Within weeks driverless electric freight transport trucks may be traveling on public roads in western Tennessee—the first time such a vehicle has been granted permission to do so in the U.S. This latest development in the logistics industry comes after Swedish freight technology company Einride was granted a permit by the National Highway Traffic Safety Administration for a public road pilot project.
The Einride autonomous electric transport (AET) called a Pod, operates without a driver and does not even have a space for one. It is monitored by a specially-trained remote driver who can take control if necessary.
The public road pilot is being run in conjunction with Einride client GE Appliances, a Haier company. Pods will operate on public roads in mixed traffic near GE Appliances’s Tennessee plant east of Memphis, performing a number of tasks including movement of goods and coordinating with teams at various warehouses for loading and unloading.
“We are creating a more sustainable and efficient supply chain through increased electrification and automation in our manufacturing and distribution operations,” said Bill Good, Vice President of Supply Chain for GE Appliances. “We’ve appreciated working with Einride in demonstrating how their Pod technology can help us accelerate achievement of that goal.”

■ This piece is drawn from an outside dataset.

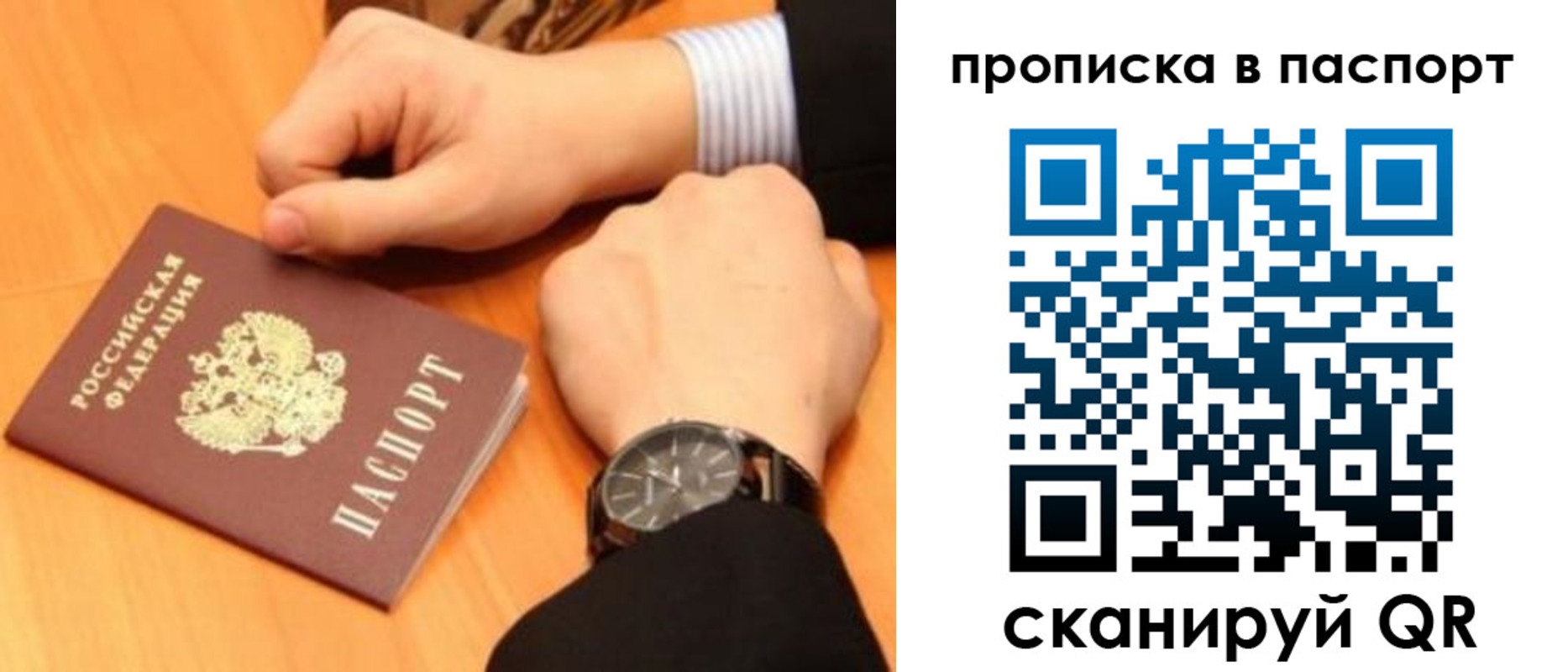 купить прописку в Порхове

Einride founder and CEO Robert Falck tells Forbes.com the Pod’s autonomous technology still is not suitable for complex, urban driving in environments with lots of people and traffic, but it’s just right for suiting the needs of the growing logistics industry.
“The uniqueness of what we do is you have a strong business case for application of both autonomous and electric and that’s what’s driving it,” said Falck in an interview. “The real benefits for our clients is it’s cost competitive and for truck drivers it’s better pay and much safer work and on top of that we have the environment of the benefits of electric.”
Indeed, one of Einride’s core values is reducing harmful emissions by promoting the use of its electric trucks while looking at autonomy as simply a better way to do business.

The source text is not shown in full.